**About this task**
Would you restate the full listing word for word and omit its pictures?

**Provided information**

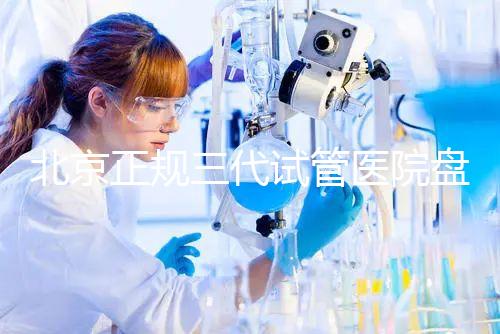 北京正規(guī)三代試管醫(yī)院盤(pán)點(diǎn)！2025榜單合法合規(guī)機(jī)構(gòu)大公開(kāi)！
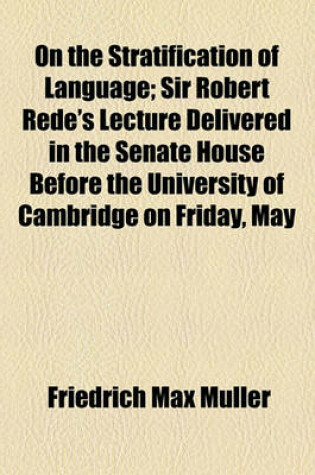 Cover of On the Stratification of Language; Sir Robert Rede's Lecture Delivered in the Senate House Before the University of Cambridge on Friday, May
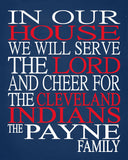 In Our House We Will Serve The Lord And Cheer for The Cleveland Indians Personalized Christian Print - sports art - multiple sizes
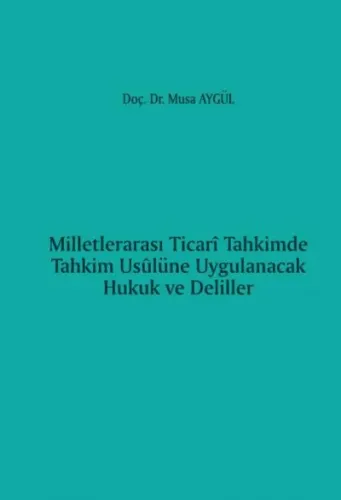 Milletlerarası Ticari Tahkimde Tahkim Usulüne Uygulanacak Hukuk ve Deliller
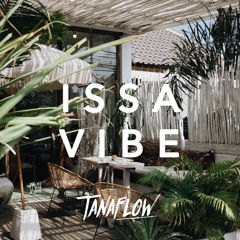 ISSA VIBE MIXTAPE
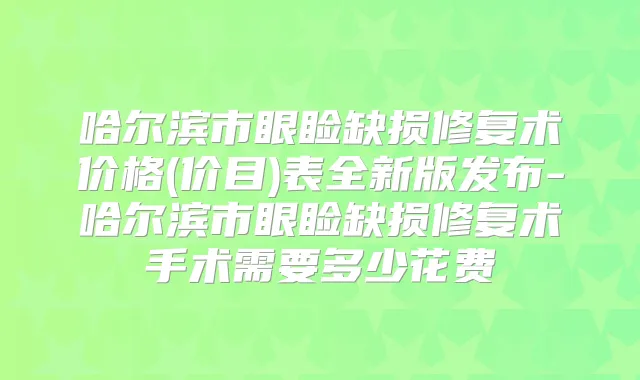 哈尔滨市眼睑缺损修复术价格(价目)表全新版发布-哈尔滨市眼睑缺损修复术手术需要多少花费
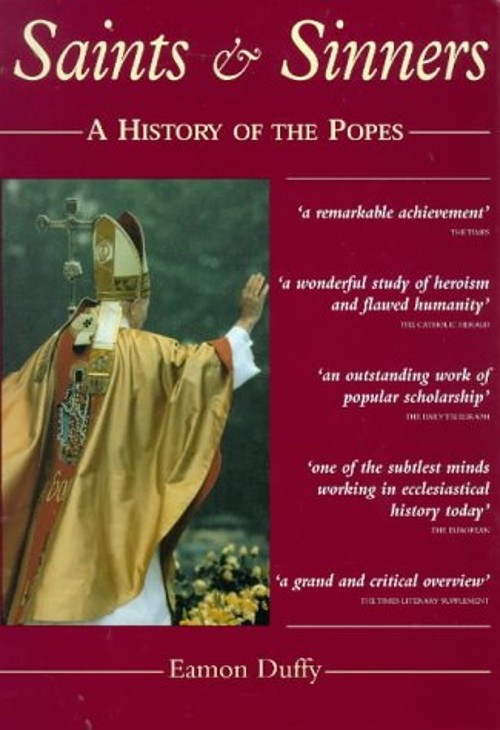 Saints and Sinners : A History of the Popes Paperback Eamon Duffy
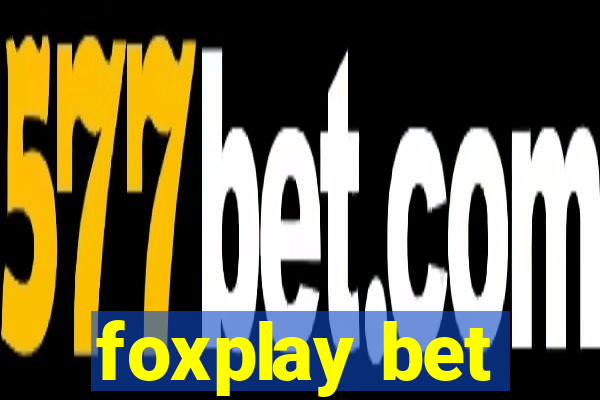 foxplay bet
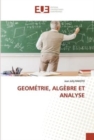 Image for Geometrie, Algebre Et Analyse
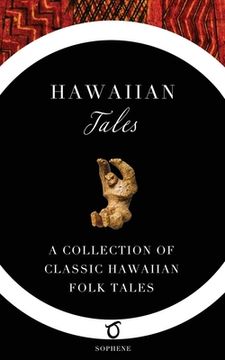 portada Hawaiian Tales: A Collection of Classic Hawaiian Folk Tales (in English)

**Task solution**
 北京正規(guī)三代試管醫(yī)院盤(pán)點(diǎn)！2025榜單合法合規(guī)機(jī)構(gòu)大公開(kāi)！
 Cover of On the Stratification of Language; Sir Robert Rede's Lecture Delivered in the Senate House Before the University of Cambridge on Friday, May
 In Our House We Will Serve The Lord And Cheer for The Cleveland Indians Personalized Christian Print - sports art - multiple sizes
 Milletlerarası Ticari Tahkimde Tahkim Usulüne Uygulanacak Hukuk ve Deliller
 ISSA VIBE MIXTAPE
 哈尔滨市眼睑缺损修复术价格(价目)表全新版发布-哈尔滨市眼睑缺损修复术手术需要多少花费
 Saints and Sinners : A History of the Popes Paperback Eamon Duffy
 foxplay bet
 Image for Geometrie, Algebre Et Analyse
 portada Hawaiian Tales: A Collection of Classic Hawaiian Folk Tales (in English)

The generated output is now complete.